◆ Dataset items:
********

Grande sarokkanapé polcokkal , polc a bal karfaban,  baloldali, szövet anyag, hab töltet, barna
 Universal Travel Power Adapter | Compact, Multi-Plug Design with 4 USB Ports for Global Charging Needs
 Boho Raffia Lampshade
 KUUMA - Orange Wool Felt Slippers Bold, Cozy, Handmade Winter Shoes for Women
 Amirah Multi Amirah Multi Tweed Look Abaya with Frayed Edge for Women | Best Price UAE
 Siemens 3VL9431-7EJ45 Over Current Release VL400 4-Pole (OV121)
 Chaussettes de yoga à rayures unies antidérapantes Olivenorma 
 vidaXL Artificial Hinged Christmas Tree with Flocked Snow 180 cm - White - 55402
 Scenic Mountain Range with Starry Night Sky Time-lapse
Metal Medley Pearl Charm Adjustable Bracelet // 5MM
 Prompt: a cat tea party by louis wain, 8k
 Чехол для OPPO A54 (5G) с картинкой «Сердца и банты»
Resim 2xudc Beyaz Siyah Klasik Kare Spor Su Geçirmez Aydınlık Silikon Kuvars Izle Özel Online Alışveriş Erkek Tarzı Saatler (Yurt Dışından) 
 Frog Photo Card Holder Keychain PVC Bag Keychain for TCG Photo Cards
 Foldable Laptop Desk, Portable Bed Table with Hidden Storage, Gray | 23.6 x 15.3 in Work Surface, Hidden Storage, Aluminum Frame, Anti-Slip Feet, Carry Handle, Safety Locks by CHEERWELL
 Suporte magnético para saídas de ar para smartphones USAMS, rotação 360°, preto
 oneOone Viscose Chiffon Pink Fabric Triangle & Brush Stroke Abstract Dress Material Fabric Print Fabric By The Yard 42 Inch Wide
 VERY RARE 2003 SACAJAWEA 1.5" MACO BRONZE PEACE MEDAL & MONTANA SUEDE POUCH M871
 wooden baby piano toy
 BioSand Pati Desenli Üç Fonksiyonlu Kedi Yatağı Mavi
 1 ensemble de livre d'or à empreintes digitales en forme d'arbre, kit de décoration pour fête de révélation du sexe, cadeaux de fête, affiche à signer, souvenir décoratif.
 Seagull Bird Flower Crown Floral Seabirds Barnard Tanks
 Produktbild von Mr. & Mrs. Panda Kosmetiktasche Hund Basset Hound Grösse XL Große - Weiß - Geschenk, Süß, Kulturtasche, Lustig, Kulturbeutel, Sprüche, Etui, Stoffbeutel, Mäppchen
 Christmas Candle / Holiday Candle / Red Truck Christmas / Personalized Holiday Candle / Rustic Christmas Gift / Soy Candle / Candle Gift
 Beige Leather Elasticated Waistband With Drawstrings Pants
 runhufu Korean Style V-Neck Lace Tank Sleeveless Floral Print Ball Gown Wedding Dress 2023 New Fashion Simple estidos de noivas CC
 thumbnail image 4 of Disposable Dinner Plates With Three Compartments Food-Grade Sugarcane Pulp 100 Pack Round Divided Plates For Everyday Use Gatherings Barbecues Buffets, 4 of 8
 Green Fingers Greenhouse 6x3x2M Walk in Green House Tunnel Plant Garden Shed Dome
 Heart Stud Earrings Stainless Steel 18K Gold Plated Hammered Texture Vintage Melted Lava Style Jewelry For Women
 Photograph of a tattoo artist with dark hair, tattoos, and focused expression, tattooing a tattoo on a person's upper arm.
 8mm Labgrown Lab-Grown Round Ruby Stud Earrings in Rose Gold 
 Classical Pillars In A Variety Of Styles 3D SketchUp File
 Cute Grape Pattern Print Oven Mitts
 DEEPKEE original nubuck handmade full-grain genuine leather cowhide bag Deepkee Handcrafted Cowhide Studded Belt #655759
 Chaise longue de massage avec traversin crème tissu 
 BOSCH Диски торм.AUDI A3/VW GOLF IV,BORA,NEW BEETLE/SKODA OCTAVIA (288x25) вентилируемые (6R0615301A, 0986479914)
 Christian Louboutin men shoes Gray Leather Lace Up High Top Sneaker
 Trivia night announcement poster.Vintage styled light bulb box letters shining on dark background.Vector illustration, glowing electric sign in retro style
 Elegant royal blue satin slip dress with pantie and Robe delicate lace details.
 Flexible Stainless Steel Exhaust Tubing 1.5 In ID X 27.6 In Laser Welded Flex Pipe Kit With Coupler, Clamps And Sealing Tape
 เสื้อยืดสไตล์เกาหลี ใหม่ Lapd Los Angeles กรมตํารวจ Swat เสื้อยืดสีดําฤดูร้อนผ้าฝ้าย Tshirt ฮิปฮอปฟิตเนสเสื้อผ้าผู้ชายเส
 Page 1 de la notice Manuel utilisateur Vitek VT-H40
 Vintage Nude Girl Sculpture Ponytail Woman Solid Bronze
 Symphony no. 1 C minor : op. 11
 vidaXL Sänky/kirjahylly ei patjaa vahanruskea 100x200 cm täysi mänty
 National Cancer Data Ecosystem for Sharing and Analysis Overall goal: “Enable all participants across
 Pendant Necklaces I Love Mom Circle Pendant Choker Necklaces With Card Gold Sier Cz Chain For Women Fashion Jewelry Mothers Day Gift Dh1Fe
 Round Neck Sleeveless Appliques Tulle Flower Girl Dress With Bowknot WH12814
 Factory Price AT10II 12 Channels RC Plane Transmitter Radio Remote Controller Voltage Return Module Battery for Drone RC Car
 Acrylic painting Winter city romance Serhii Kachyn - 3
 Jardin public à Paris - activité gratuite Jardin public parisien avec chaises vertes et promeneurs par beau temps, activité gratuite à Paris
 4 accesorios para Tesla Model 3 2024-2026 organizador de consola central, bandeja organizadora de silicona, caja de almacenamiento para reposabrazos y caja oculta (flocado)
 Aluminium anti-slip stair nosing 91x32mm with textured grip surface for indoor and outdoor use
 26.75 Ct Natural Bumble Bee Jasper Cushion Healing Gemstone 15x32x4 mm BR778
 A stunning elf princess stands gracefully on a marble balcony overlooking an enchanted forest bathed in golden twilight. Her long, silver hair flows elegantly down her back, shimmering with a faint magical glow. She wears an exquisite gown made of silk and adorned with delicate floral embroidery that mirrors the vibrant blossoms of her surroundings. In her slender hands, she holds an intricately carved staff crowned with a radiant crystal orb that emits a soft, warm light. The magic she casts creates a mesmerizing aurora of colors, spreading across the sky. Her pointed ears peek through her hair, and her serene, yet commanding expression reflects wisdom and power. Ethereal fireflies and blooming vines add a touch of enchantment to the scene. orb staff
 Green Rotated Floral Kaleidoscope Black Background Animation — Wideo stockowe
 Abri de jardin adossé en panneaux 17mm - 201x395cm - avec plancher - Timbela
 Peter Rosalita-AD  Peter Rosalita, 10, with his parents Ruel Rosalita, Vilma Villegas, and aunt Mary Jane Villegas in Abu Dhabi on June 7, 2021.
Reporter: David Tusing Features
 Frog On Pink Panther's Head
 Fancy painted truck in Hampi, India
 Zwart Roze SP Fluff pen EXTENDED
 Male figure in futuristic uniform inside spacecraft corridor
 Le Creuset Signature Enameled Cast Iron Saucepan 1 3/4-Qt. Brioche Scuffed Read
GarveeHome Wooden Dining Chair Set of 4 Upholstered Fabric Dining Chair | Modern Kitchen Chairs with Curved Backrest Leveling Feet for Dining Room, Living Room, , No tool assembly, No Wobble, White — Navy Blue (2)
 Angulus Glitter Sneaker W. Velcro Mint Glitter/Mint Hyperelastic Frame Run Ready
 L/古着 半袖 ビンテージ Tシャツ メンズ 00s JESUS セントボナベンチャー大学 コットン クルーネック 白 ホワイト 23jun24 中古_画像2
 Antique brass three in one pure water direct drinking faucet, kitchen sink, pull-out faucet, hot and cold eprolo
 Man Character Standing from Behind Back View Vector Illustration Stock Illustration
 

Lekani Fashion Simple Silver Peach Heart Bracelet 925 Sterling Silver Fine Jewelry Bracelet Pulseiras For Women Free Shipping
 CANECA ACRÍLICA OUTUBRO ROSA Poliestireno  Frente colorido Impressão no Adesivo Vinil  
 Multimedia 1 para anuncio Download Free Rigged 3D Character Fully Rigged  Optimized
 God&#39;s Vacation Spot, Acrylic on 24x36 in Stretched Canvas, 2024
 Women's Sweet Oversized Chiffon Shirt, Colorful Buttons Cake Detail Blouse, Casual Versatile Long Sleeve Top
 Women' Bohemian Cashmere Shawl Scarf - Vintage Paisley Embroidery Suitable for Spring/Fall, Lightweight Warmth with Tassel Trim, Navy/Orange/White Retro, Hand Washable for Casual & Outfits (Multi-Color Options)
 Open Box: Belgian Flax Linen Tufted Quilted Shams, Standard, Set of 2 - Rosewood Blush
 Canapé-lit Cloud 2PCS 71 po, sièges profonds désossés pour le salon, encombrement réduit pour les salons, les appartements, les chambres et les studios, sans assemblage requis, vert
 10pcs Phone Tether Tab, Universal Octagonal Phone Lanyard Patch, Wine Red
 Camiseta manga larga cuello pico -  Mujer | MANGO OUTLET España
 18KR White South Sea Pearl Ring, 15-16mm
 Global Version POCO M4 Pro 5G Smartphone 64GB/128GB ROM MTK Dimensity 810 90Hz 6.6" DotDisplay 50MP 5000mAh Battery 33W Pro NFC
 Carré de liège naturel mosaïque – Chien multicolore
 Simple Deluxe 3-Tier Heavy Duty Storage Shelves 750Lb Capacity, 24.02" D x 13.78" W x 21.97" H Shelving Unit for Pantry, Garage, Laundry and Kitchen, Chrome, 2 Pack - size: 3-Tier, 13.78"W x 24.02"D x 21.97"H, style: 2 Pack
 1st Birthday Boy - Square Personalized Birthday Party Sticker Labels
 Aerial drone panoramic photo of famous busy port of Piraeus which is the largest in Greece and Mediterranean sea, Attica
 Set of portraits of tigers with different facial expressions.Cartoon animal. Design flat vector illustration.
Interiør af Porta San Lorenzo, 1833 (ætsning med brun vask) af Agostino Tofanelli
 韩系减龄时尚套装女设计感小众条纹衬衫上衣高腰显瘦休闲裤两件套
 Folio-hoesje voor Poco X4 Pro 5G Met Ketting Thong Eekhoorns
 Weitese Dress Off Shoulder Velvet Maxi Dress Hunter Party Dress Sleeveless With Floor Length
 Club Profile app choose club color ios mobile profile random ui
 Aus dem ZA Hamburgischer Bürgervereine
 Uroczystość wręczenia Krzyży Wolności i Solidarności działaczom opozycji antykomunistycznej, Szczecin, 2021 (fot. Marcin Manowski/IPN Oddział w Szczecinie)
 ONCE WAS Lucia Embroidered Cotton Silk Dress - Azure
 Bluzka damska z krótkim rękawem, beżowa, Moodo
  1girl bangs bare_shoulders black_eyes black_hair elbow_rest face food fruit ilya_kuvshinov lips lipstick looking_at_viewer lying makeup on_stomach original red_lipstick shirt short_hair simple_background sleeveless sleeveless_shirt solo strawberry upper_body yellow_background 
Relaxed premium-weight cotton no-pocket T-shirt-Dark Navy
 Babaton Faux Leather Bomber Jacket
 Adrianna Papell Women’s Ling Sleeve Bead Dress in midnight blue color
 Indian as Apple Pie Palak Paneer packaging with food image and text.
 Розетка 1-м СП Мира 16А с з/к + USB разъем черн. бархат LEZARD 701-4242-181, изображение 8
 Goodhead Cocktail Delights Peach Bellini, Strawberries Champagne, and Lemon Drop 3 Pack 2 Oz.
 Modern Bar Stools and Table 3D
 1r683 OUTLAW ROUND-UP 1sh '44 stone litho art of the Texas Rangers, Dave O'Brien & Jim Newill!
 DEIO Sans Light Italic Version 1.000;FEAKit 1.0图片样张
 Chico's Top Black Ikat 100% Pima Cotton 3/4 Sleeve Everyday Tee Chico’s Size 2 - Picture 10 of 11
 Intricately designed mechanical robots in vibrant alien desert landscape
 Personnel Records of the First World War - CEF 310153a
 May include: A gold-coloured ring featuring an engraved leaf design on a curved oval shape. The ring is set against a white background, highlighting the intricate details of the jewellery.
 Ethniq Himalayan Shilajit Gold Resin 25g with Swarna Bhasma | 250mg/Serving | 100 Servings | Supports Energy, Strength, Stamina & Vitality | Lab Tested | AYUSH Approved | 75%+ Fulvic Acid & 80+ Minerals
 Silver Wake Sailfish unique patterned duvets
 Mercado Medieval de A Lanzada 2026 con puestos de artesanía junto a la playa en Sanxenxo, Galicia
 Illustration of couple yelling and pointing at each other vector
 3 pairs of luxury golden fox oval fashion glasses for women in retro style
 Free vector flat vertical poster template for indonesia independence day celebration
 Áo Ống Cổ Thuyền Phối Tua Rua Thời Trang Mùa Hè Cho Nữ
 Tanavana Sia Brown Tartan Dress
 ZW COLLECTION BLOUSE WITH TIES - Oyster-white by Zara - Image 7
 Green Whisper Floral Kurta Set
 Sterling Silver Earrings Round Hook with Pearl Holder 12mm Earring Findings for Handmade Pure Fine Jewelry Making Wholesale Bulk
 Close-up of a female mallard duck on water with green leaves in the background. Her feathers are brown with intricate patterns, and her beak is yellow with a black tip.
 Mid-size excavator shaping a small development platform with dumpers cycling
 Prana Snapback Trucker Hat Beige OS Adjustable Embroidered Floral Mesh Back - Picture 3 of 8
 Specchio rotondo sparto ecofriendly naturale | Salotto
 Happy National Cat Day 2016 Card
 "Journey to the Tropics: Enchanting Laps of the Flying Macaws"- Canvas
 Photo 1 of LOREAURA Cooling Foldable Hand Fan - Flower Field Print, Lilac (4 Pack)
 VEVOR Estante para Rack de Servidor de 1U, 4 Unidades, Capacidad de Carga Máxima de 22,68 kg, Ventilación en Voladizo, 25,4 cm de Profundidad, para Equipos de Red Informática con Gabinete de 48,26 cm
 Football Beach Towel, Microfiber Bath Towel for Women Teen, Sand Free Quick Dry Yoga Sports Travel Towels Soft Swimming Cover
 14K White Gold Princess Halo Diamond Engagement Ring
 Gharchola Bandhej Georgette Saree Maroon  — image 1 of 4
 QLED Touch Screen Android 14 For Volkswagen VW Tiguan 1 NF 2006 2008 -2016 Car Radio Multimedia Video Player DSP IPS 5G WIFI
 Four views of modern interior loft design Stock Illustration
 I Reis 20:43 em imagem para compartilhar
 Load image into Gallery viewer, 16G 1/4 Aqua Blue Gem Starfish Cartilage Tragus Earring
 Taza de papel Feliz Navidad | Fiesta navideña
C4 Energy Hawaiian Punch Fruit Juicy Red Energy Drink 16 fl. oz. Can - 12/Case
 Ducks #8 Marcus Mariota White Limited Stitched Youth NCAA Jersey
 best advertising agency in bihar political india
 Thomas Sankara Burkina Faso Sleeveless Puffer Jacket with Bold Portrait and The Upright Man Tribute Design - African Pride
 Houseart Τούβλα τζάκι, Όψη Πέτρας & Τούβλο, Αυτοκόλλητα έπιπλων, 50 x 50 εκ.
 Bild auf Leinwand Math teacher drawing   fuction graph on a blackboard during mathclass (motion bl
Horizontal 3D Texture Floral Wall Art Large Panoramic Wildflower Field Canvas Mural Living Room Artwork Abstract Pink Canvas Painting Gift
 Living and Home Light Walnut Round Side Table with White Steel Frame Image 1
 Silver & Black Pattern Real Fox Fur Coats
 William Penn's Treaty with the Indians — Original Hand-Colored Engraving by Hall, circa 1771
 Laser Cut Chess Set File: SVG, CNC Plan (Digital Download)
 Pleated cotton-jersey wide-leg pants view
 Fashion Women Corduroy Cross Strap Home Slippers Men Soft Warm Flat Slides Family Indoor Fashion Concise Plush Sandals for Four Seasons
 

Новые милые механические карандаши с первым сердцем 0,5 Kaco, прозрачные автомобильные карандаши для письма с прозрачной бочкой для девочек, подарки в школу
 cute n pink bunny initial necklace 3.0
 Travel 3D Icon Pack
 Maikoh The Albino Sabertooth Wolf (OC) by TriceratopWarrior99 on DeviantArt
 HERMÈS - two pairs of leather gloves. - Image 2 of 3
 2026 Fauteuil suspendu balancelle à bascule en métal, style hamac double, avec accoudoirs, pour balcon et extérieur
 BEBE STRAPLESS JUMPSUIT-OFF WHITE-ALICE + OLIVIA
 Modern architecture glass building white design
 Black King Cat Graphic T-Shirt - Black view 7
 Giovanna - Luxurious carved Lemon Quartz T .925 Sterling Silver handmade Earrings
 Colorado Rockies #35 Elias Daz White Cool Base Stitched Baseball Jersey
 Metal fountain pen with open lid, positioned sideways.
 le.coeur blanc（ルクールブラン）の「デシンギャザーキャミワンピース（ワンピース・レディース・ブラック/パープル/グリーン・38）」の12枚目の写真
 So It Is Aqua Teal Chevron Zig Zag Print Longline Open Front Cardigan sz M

********

◆ What to work on: The lines above from the one with "Carré de liège" through the one with "Intricately designed mechanical" are to be duplicated exactly, ends included, with nothing added.

◆ Solution for this problem:
 Carré de liège naturel mosaïque – Chien multicolore
 Simple Deluxe 3-Tier Heavy Duty Storage Shelves 750Lb Capacity, 24.02" D x 13.78" W x 21.97" H Shelving Unit for Pantry, Garage, Laundry and Kitchen, Chrome, 2 Pack - size: 3-Tier, 13.78"W x 24.02"D x 21.97"H, style: 2 Pack
 1st Birthday Boy - Square Personalized Birthday Party Sticker Labels
 Aerial drone panoramic photo of famous busy port of Piraeus which is the largest in Greece and Mediterranean sea, Attica
 Set of portraits of tigers with different facial expressions.Cartoon animal. Design flat vector illustration.
Interiør af Porta San Lorenzo, 1833 (ætsning med brun vask) af Agostino Tofanelli
 韩系减龄时尚套装女设计感小众条纹衬衫上衣高腰显瘦休闲裤两件套
 Folio-hoesje voor Poco X4 Pro 5G Met Ketting Thong Eekhoorns
 Weitese Dress Off Shoulder Velvet Maxi Dress Hunter Party Dress Sleeveless With Floor Length
 Club Profile app choose club color ios mobile profile random ui
 Aus dem ZA Hamburgischer Bürgervereine
 Uroczystość wręczenia Krzyży Wolności i Solidarności działaczom opozycji antykomunistycznej, Szczecin, 2021 (fot. Marcin Manowski/IPN Oddział w Szczecinie)
 ONCE WAS Lucia Embroidered Cotton Silk Dress - Azure
 Bluzka damska z krótkim rękawem, beżowa, Moodo
  1girl bangs bare_shoulders black_eyes black_hair elbow_rest face food fruit ilya_kuvshinov lips lipstick looking_at_viewer lying makeup on_stomach original red_lipstick shirt short_hair simple_background sleeveless sleeveless_shirt solo strawberry upper_body yellow_background 
Relaxed premium-weight cotton no-pocket T-shirt-Dark Navy
 Babaton Faux Leather Bomber Jacket
 Adrianna Papell Women’s Ling Sleeve Bead Dress in midnight blue color
 Indian as Apple Pie Palak Paneer packaging with food image and text.
 Розетка 1-м СП Мира 16А с з/к + USB разъем черн. бархат LEZARD 701-4242-181, изображение 8
 Goodhead Cocktail Delights Peach Bellini, Strawberries Champagne, and Lemon Drop 3 Pack 2 Oz.
 Modern Bar Stools and Table 3D
 1r683 OUTLAW ROUND-UP 1sh '44 stone litho art of the Texas Rangers, Dave O'Brien & Jim Newill!
 DEIO Sans Light Italic Version 1.000;FEAKit 1.0图片样张
 Chico's Top Black Ikat 100% Pima Cotton 3/4 Sleeve Everyday Tee Chico’s Size 2 - Picture 10 of 11
 Intricately designed mechanical robots in vibrant alien desert landscape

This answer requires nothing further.